Znakomity pilot okazał się być jednak cierniem w tyłku swoich przełożonych. Niepokorny, mówiący prawdę prosto w oczy i nie uznający żadnych autorytetów Douglas Bader toczył z nimi zażartą walkę o zmianę stosowanej taktyki. Opowiadał się za zastosowaniem wymyślonej przez marszałka Leigh-Mallory'ego taktyki "wielkiego skrzydła" polegającej na zwalczaniu wroga za pomocą dużych formacji myśliwców nad Kanałem La Manche lub nad Francją, zanim nieprzyjacielskie bombowce dotrą nad Wielką Brytanię. Ta taktyka miała równie wiele zalet jak i wad, a jej skuteczność jest do dzisiaj przedmiotem dyskusji wśród historyków wojskowości. Faktem jednak jest, że z jej powodu Douglas napsuł wiele krwi swoim dowódcom.

Bardzo lubił i cenił Polaków. Poznał wielu polskich pilotów i zaprzyjaźnił się z kilkoma z nich. Nie znosił natomiast Francuzów...

Do sierpnia 1941 roku Douglas miał na koncie 21 zestrzelonych samolotów wroga. Dnia 9 sierpnia patrolował swoim Spitfirem wybrzeże Francji, kiedy w pewnym momencie zauważył grupę sześciu Messerschmidtów. Wykorzystując przewagę wysokości zestrzelił jednego z nich. Kiedy brał na celownik kolejnego poczuł olbrzymi wstrząs - jego Spitfire stracił ogon. Douglas był przekonany, że zderzył się z którymś z Messerchmidtów. Według Niemców Badera zestrzelił ich as myśliwski Max Meyer. Istnieje też hipoteza, że Douglas Bader padł ofiarą przyjacielskiego ognia ze Spitfire'a, który przyleciał mu na pomoc.

Douglas spotkał Maxa Meyera w 1981 roku w Sydney podczas pokazów lotniczych.

Tak, czy inaczej - musiał natychmiast wyskoczyć z uszkodzonego Spitfire'a. Zdołał to zrobić, mimo tego, że jedna z protez zaklinowała się w kabinie. Odciął mocujące ją paski, otworzył osłonę kabiny i wypadł z samolotu. Otworzył spadochron i poturbowany wylądował na polu.

Niemcy traktowali beznogiego przeciwnika z wielkim szacunkiem. Generał Luftwaffe Adolf Galland skontaktował się z Brytyjczykami i zaoferował im możliwość zrzutu nowej pary protez dla Douglasa. Kilka dni później RAF przeprowadził "Operację Noga" - nad niemiecką bazą w St. Omer w okupowanej Francji pojawił się nieatakowany brytyjski bombowiec, który zrzucił na spadochronie paczkę zawierającą nową parę protez.

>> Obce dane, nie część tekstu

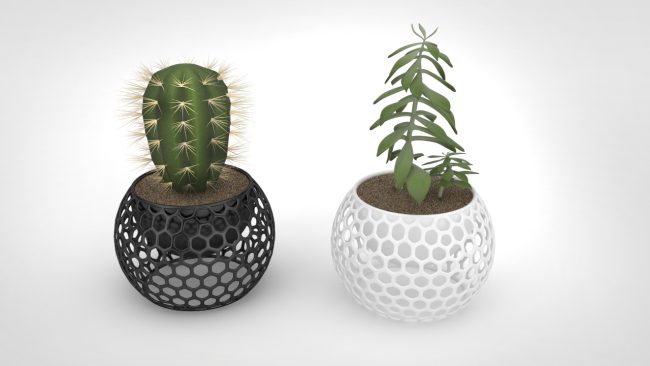 Cava plant pot
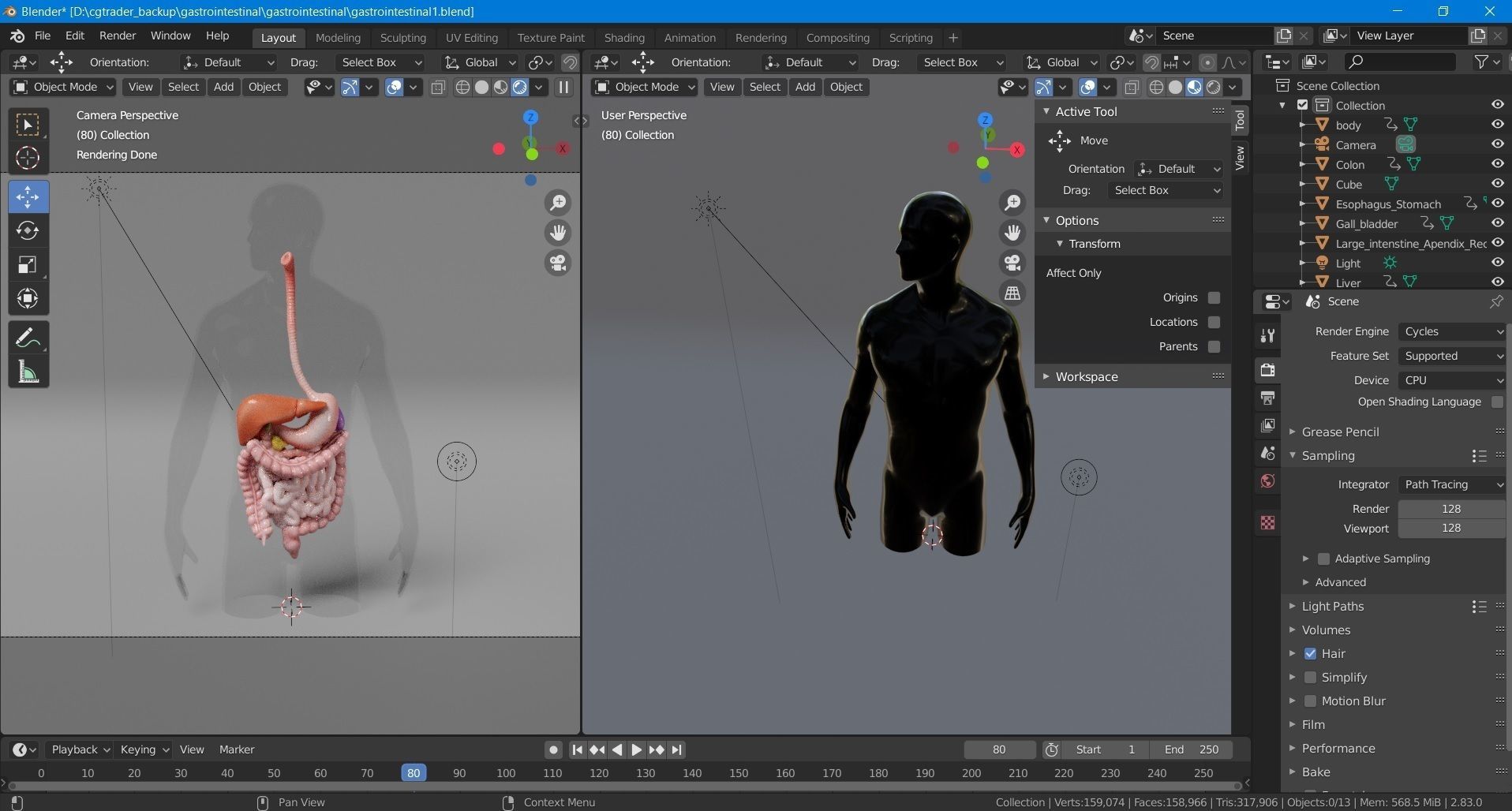 Gastrointestinal human digestive system - stomach 3D model_4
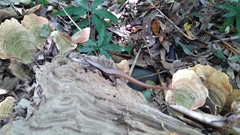 Sphenomorphus indicus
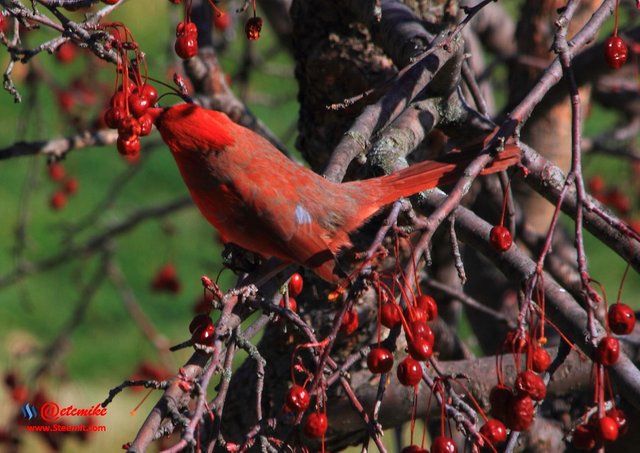 Northern Cardinal IMG_0195.JPG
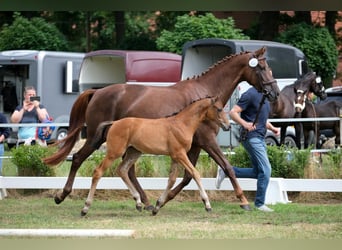Oldenburg, Mare, Foal (05/2025), Brown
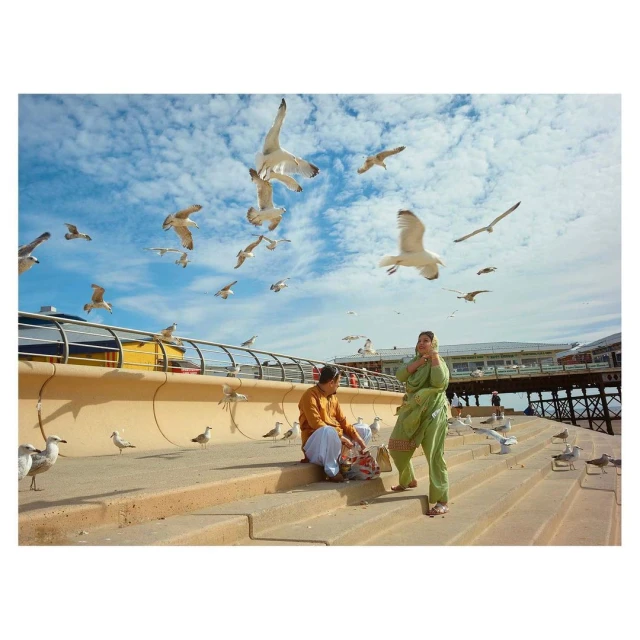 Two adults, seated on stairs, are surrounded by seagulls on a sunny day near the seaside, with a pier visible in the background.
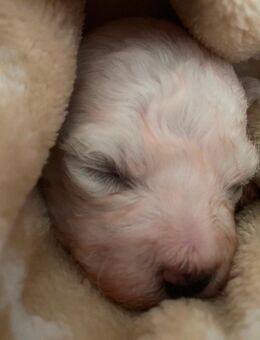 Bichon Frise Welpen - Beckum Zentrum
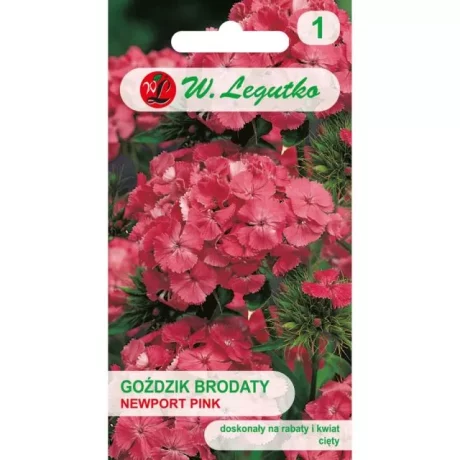 LEGUTKO GOZDZIK NEWPORT PINK 0,5G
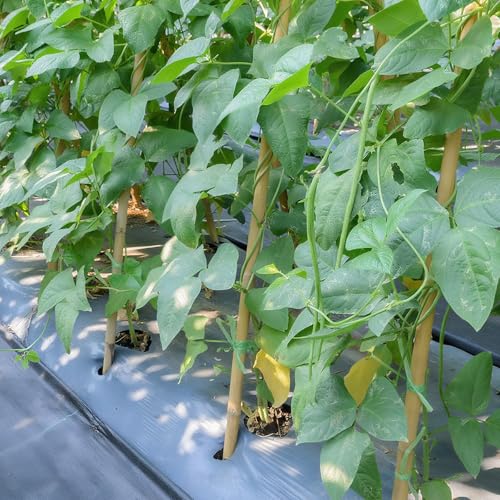 36 Pcs Plant Stakes, 16 Inches Natural Garden Bamboo Sticks, Plant Support Stakes for Indoor & Outdoor Plants, Orchid Tomato Vegetable Stakes for Garden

Szybko okazało się, że jako jeniec Bader jest taką samą zadziorą dla Niemców, jaką był kiedyś dla swoich brytyjskich przełożonych. Pierwszą próbę ucieczki podjął jeszcze w szpitalu, w którym leczył się po niefortunnym skoku. Potem próbował uciec tyle razy, że rozeźleni Niemcy zagrozili mu odebraniem protez. Wysłano go do obozu jenieckiego Stalag Luft III koło Żagania.

Stalag Luft III stał się sławny jako miejsce słynnej Wielkiej Ucieczki, która miała miejsce prawie trzy lata później, w marcu 1944 roku.

W sierpniu 1942 roku Douglas Bader wraz z czterema towarzyszami zdołał uciec z obozu. Ucieczka prawdopodobnie by się powiodła, gdyby nie głupi przypadek. W Stalagu przebywał z wizytą u komendanta jakiś oficer Luftwaffe. Dowiedziawszy się, że przebywa w nim słynny beznogi Anglik postanowił go odwiedzić. Kiedy zapukał do drzwi baraku Douglasa odpowiedziała mu cisza. Szybko wszczęto alarm i uciekinierzy zostali złapani po kilku dniach.

W poszukiwaniach Gestapo posłużyło się plakatem, na którym opisano kalectwo pilota, zaznaczono jednak, że "chodzi sprawnie, czasem nawet bez laski". Dwadzieścia lat po wojnie Douglas Bader uśmiał się, kiedy ktoś pokazał mu ten plakat - nigdy nie korzystał z laski przy chodzeniu...

Po złapaniu został wysłany do zamku Colditz, który służył jako obóz jeniecki o zaostrzonym rygorze. Tam doczekał wyzwolenia przez Amerykanów, co nastąpiło 15 kwietnia 1945 roku. Po uwolnieniu natychmiast udał się do Paryża i poprosił o przydzielenie mu Spitfire'a. Chciał ponownie wziąć udział w walce zanim skończy się wojna. Odmówiono mu.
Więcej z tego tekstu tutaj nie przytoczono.